Im Halbjahres-Takt schießt die Leistung von Computern in die Höhe – scheinbar grenzenlos. Schon beim Kauf ist die Kiste technisch veraltet. Wo mag das alles enden? Im Ernst: Wen macht es glücklicher, wenn die Schreibtischboliden Excel-Dateien im Gigahertz-Taumel exekutieren?

Beim wissenschaftlichen Rechnen ist eine wichtige Maßeinheit der "Flop". In der Welt der Computer steht ein Flop nicht notwendigerweise für einen Reinfall, sondern für einen elementaren Rechenschritt. Die ersten Elektronenrechner der 1940er Jahre schafften mal eben einige Flop pro Sekunde, abgekürzt Flops. Heutige Supercomputer werden bereits nach ihren Teraflops taxiert, ihre Leistung also in Billionen Flops gemessen.

Der derzeitige Weltrekordhalter heißt "Earth Simulator" und füllt in Japan eine ganze Turnhalle. Mit einem Rechentempo von 35 Teraflops untersuchen die Forscher vor allem Klima und Erdbeben, über eine Million Mal schneller als ein moderner Büro-PC. Grenzen haben die Erbauer vorläufig nicht zu spüren bekommen. Nach dem viel beschworenen Moore’schen Gesetz wird sich, so erwarten Experten, die Rechenkraft weiter alle zweieinhalb Jahre verdoppeln. Die erste Maschine, die dann in jeder Sekunde eine Million Milliarden Rechenschritte abwickelt – der Petaflops-Computer –, sollte demnach bis zum Jahr 2009 in Betrieb gehen.

Auf dem Weg dorthin und darüber hinaus wird die Rechnertechnik physikalisches Neuland betreten: Die Technologie der Spintronik, die den Spin der Elektronen manipuliert und heute schon in Leseköpfen von Festplatten genutzt wird, ist vielleicht der entscheidende Schritt auf dem Weg zum Quantencomputer (Seite 28). Auch das Rechnen in ultraschnellen Netzwerken ("Gridcomputing") ist im Aufbau. Aber was machen wir mit all der Rechenpower? Wer braucht all die Tera-, Peta- oder Exaflops?

In der Wissenschaft: Numeriker bleiben unersättlich, so bekundeten sie kürzlich auf einer Tagung zum Höchstleistungsrechnen in Stuttgart. Ob Blutgefäße, Herzmuskel oder Biomechanik, ob turbulente Verbrennung, Grundwasserströmung, Alterung von Atombomben oder die Entwicklung des Universums: All diese Objekte oder Prozesse werden auch Petacomputer nicht zur Zufriedenheit simulieren.
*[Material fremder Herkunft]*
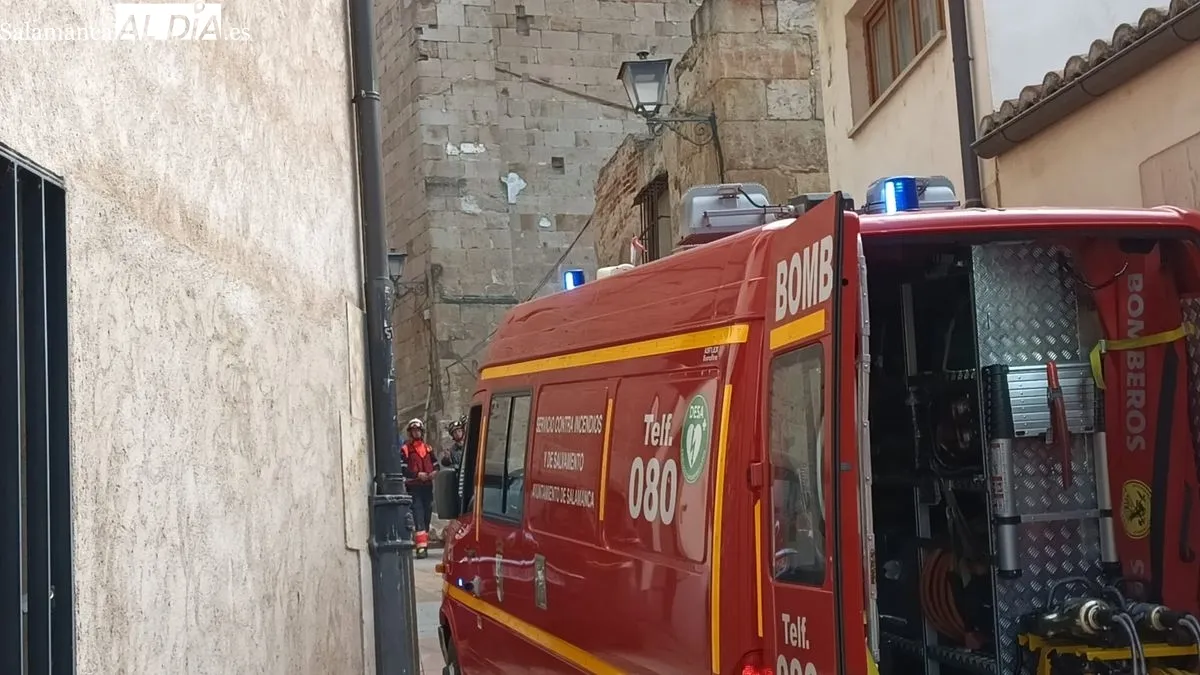 Intervención de Bomberos y Policía Local tras el derribo del muro en la calle Tentenecio. Foto de Toni Sánchez
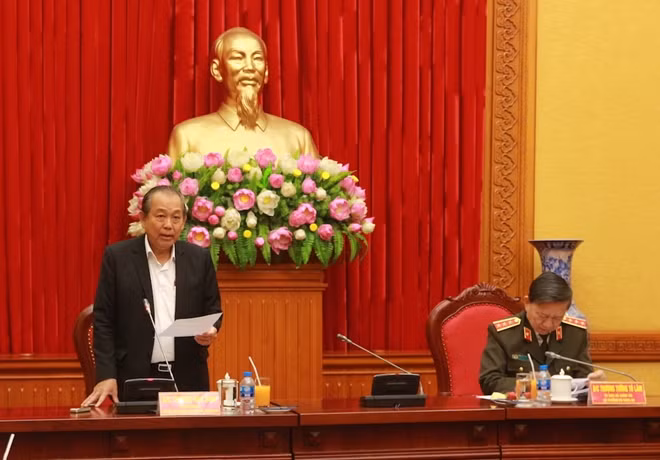 Phó Thủ tướng Thường trực Trương Hoà Bình phát biểu tại buổi làm việc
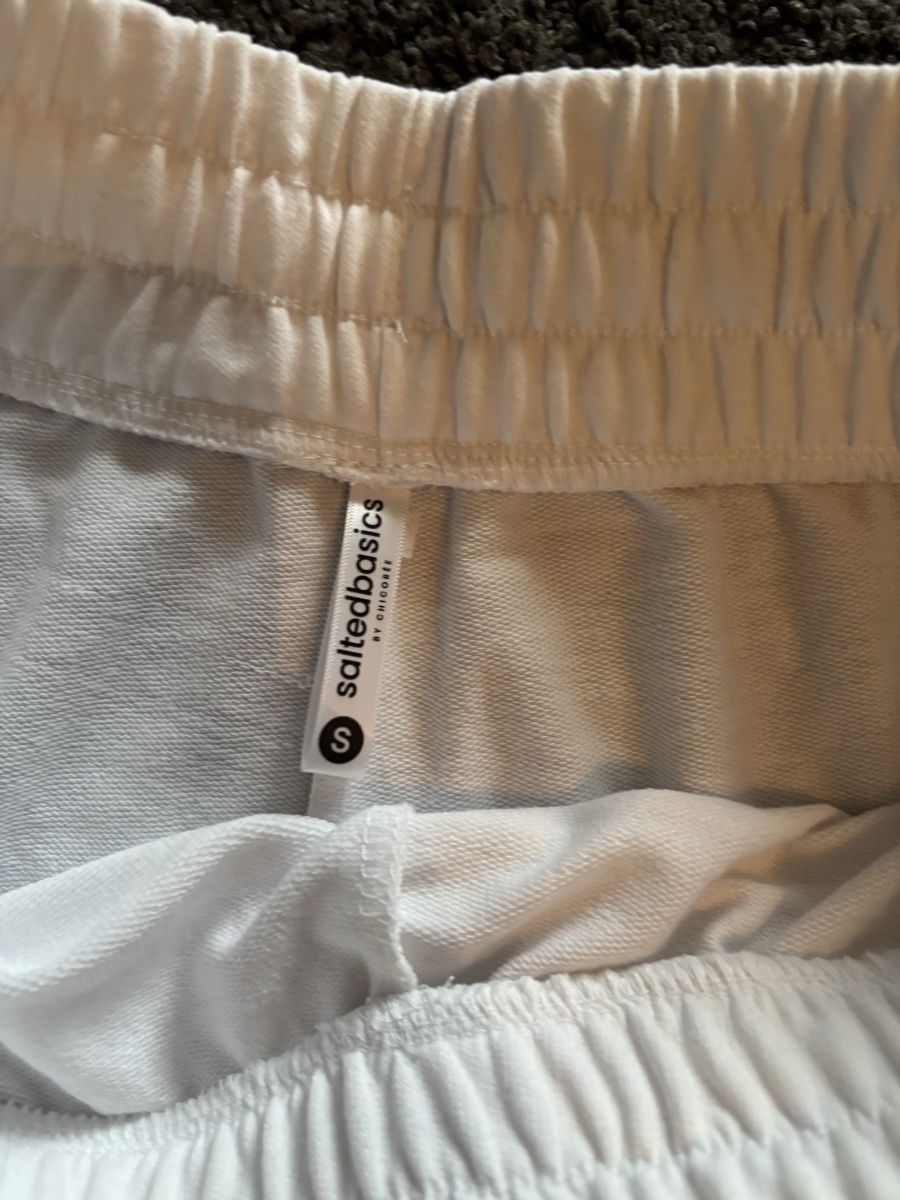 Pantalons: Shorts – Neuf (Voir description) à Itingen par jessi811 1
Im Alltag: Vermutlich werden wir in einem Jahrzehnt vor Zig-Giga- oder Teraflop-PCs mit dem tausendfachen Speicherplatz heutiger Geräte sitzen. Solche Rechner mit 120-Terabyte-Festplatten eröffnen stolze Möglichkeiten: 120 Millionen Bücher fänden darauf Platz, alternativ 40 Millionen Lieder oder 30000 Filme. Das pausenlose Abspielen so vieler Filme würde fast sieben Jahre dauern – und erst das Lesen all der Bücher …

Und wie kämen all die Daten in den Rechner? Entweder über 180000 CD-Roms oder über Leitungen, die für solche Datengebirge zwanzig Jahre störungsfreien Betrieb benötigen würden. Von der Wünschbarkeit solcher Dinge einmal abgesehen: Wer könnte für sie bezahlen? Und wie ließen sich solche Datenmengen überhaupt verwalten?

Wie es scheint, wachsen hier PCs heran auf der Suche nach einem Bedarf. Einen solchen Fall erleben wir gerade im Mobilfunk: UMTS-Handys kommen nun auch in die Läden – mal sehen, ob sie einer braucht.